Requirement » Where the line containing "Kingma ฟิล์มกระจก ป้องกันหน้าจอ" appears below, begin there and reproduce each line exactly through the last one, omitting pictures.

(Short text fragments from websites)
- Opening Delimiter -

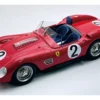 Ferrari 250 TR59-60 #2 Cliff Allison - Phil Hill - Willy Mairesse "Scuderia Ferrari" 3rd Place "1000 km Nurburgring" (1960) "Mythos Series" with Display Case Limited Edition to 40 pieces Worldwide 1/18 Model Car by Tecnomodel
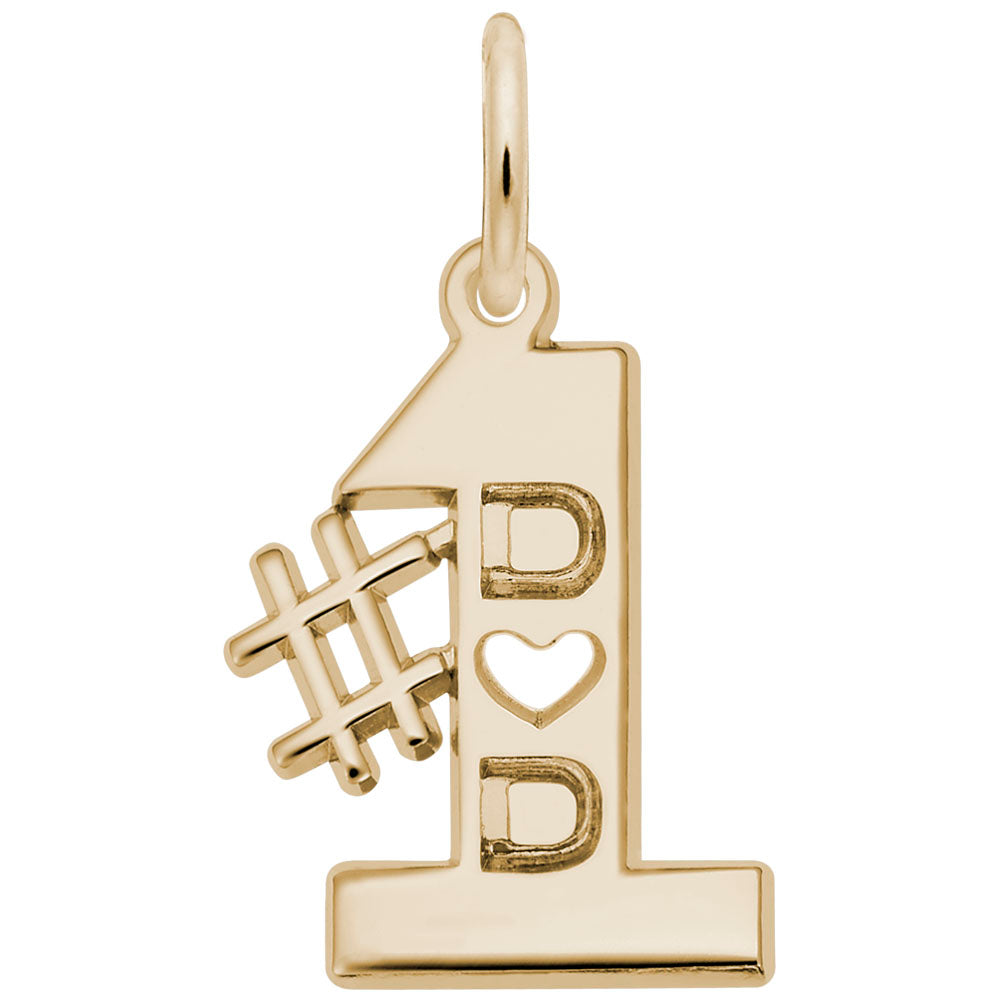 Number One Dad Charm - Celebrate Father's Love & Bonding Moments 7747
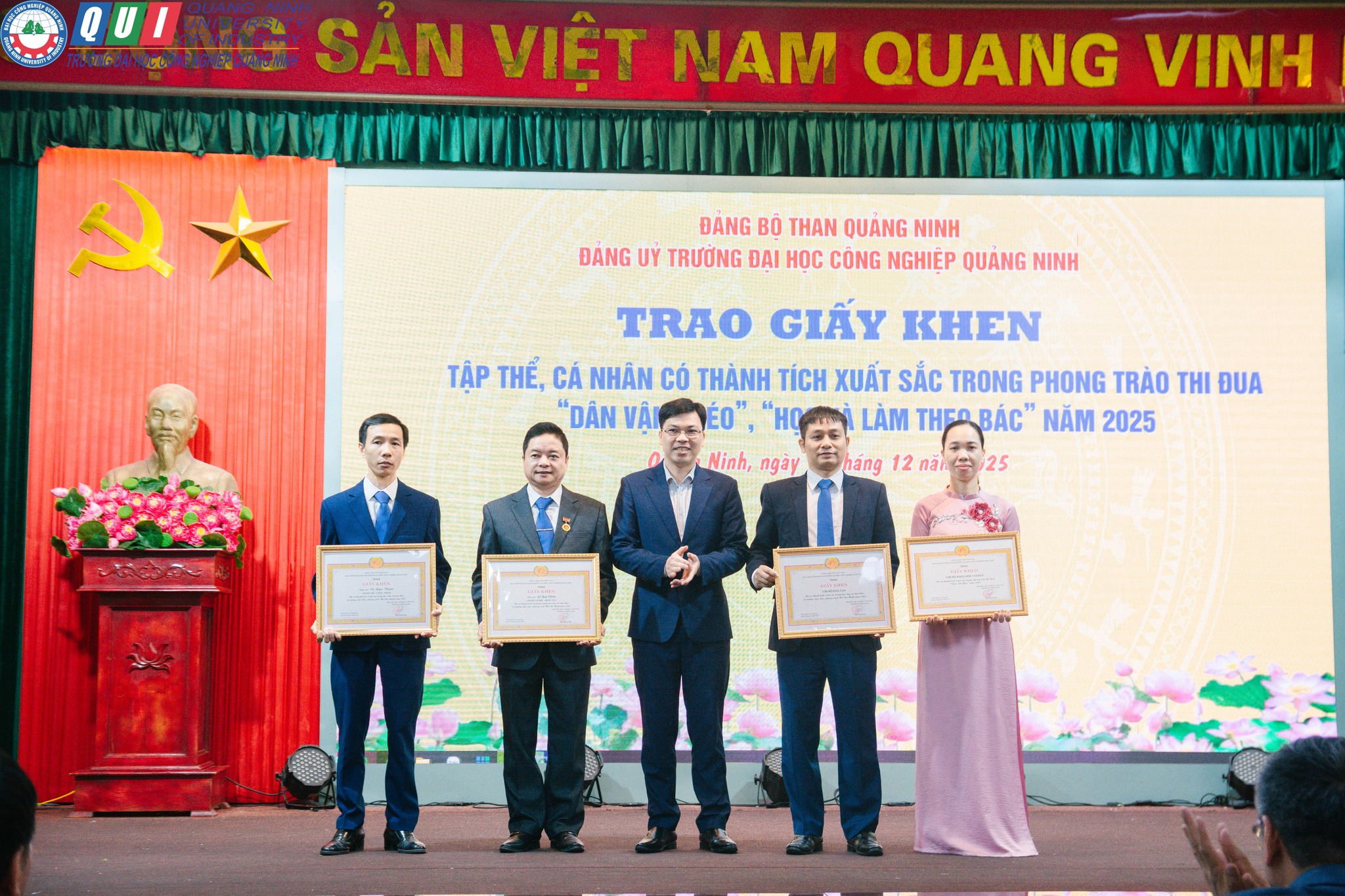 Gương sáng học tập và làm theo tư tưởng, đạo đức, phong cách  Hồ Chí Minh tại Đảng bộ Trường Đại học Công nngiệp Quảng Ninh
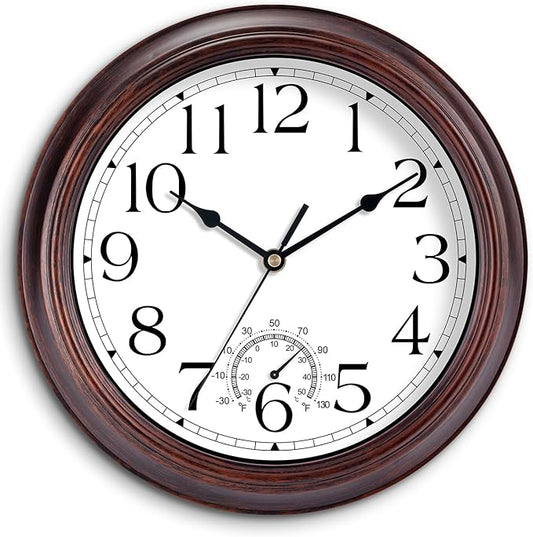 KECYET 8.5 Inch Outdoor Wall Clock by KECYETWALLCLOCK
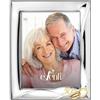 Generico Eventi Cornice Portafoto in Argento 999 per 50° Anniversario, 9x13 cm, Made in Italy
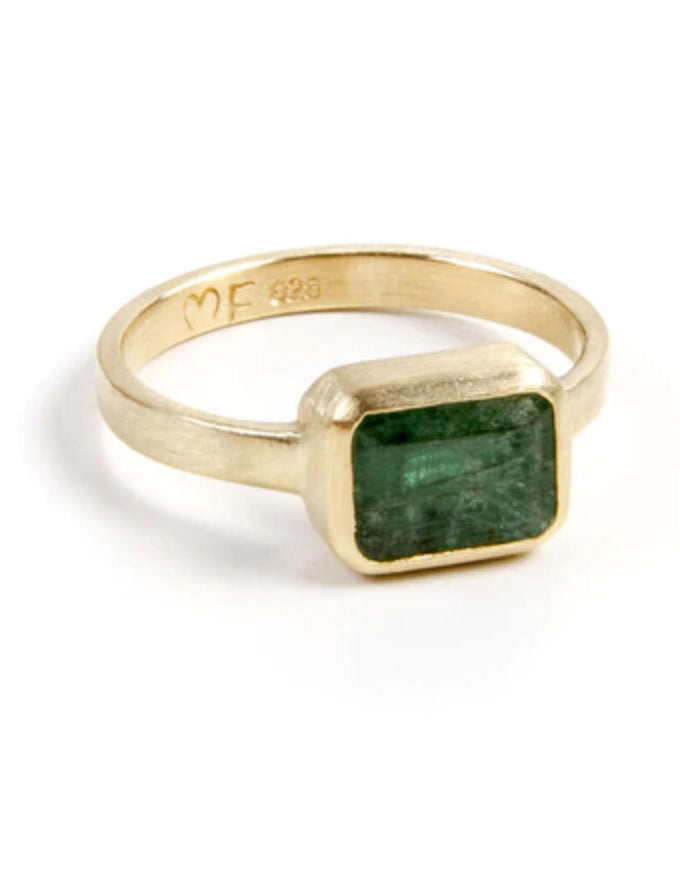 Emerald Deco Ring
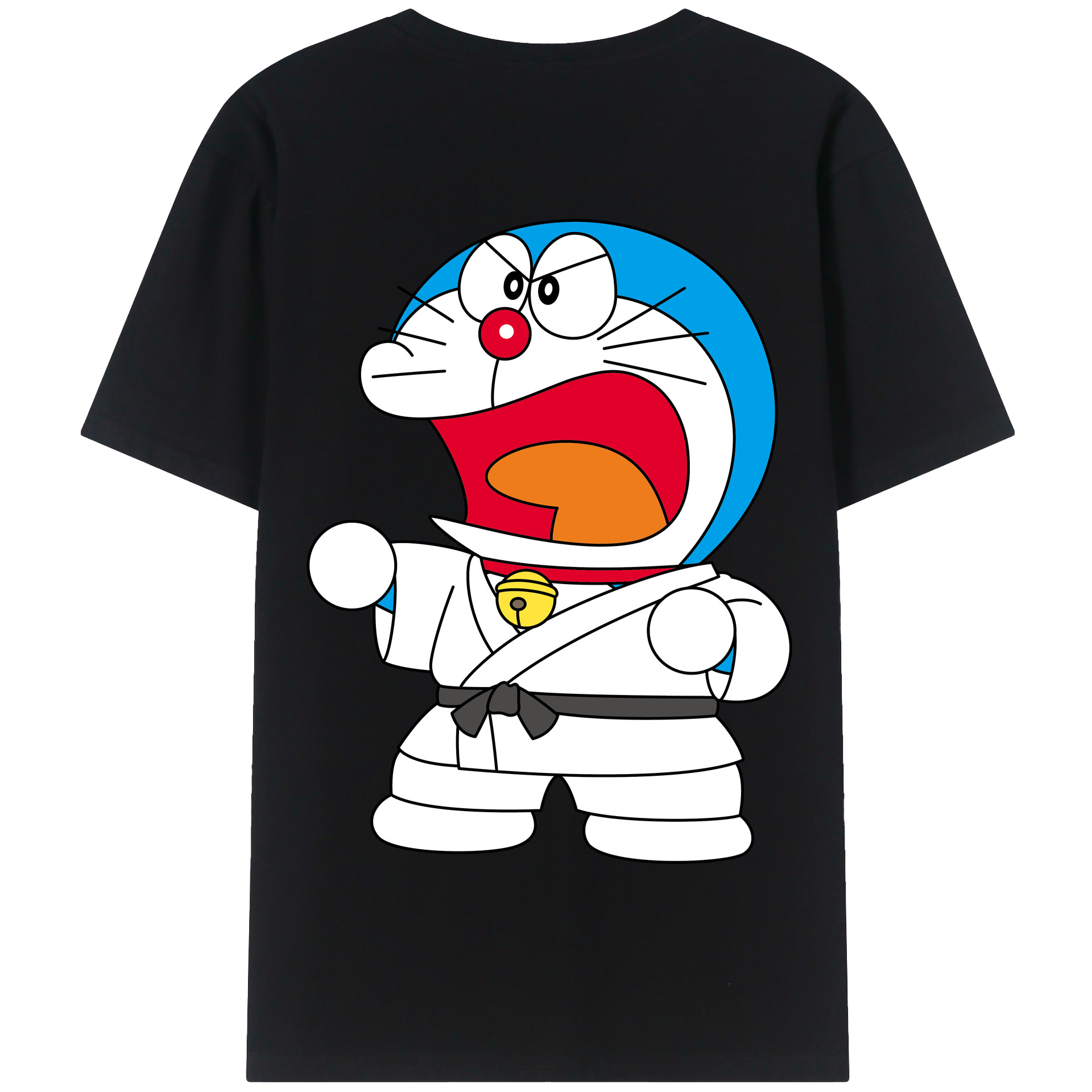 （画像用） ドラえもん Doraemon 綿100％半袖Tシャツ（背面プリント）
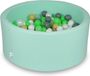 Mimii piscine à balles 90x40cm menthe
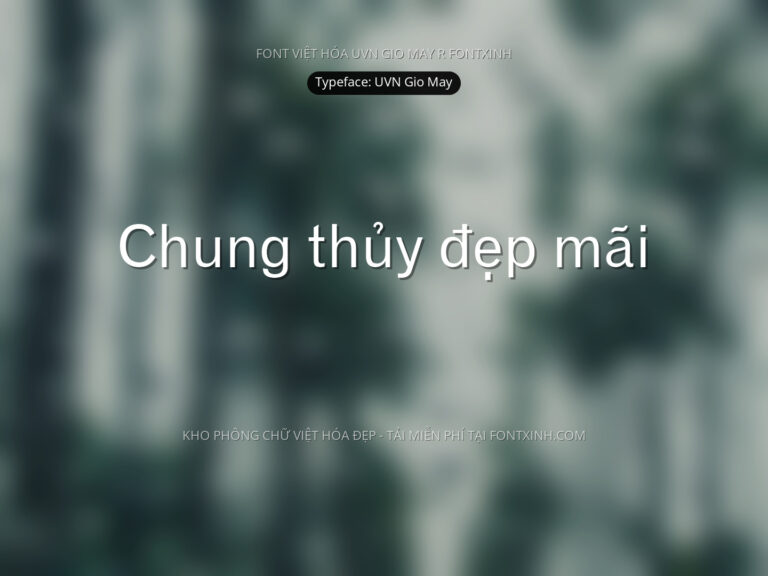 Font UVN Gio May Font Xinh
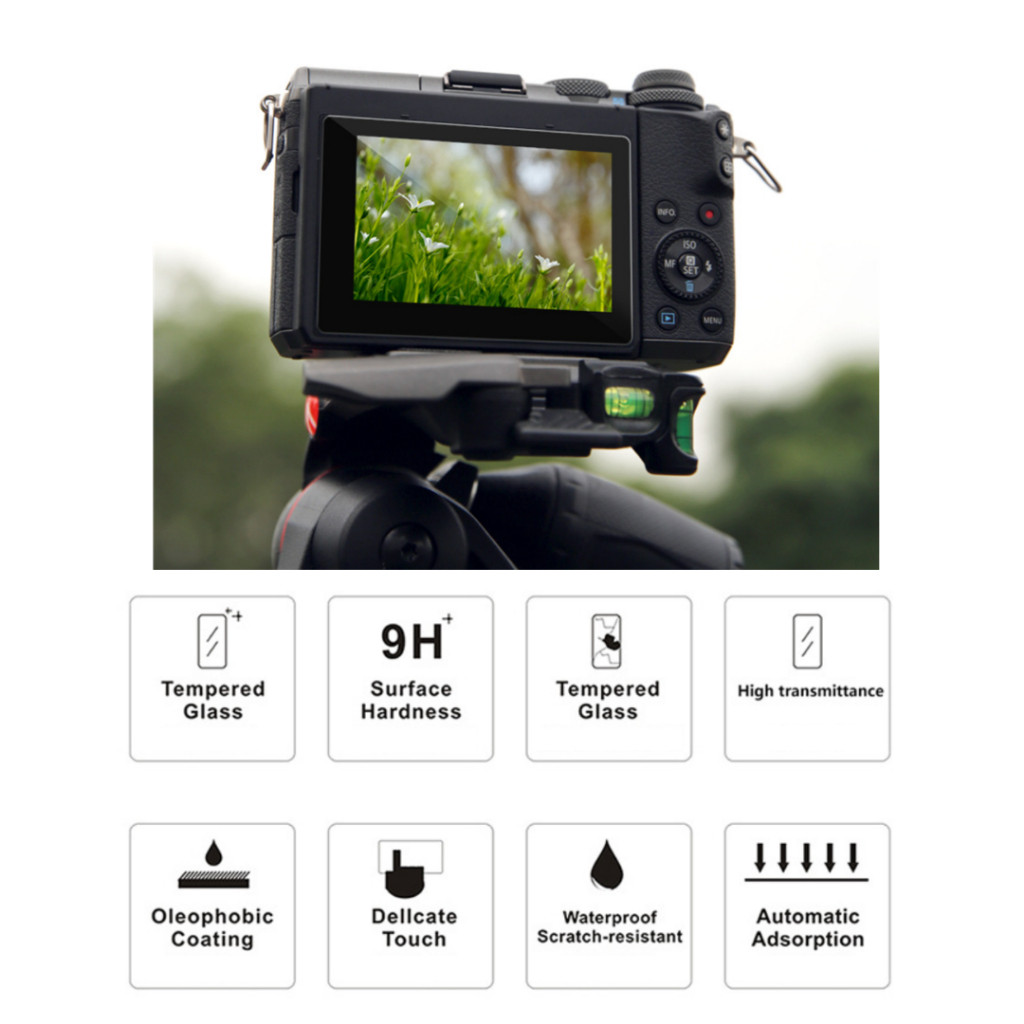 Kingma ฟิล์มกระจก ป้องกันหน้าจอ ฟิล์มกันรอยขีดข่วนและนิ้วมือ CANON NIKON SONY FUJI OLYMPUS RICOH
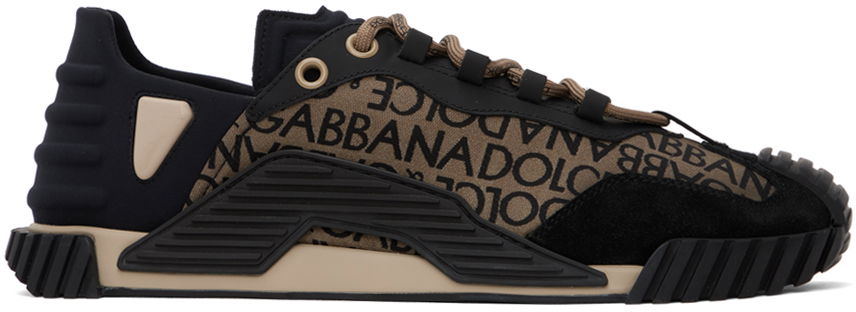 Кецове и обувки Dolce & Gabbana Brown & Black NS1 Sneakers Кафяво | CS1810 AQ256, 0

- Closing Delimiter -

Output below »
 Kingma ฟิล์มกระจก ป้องกันหน้าจอ ฟิล์มกันรอยขีดข่วนและนิ้วมือ CANON NIKON SONY FUJI OLYMPUS RICOH
 Кецове и обувки Dolce & Gabbana Brown & Black NS1 Sneakers Кафяво | CS1810 AQ256, 0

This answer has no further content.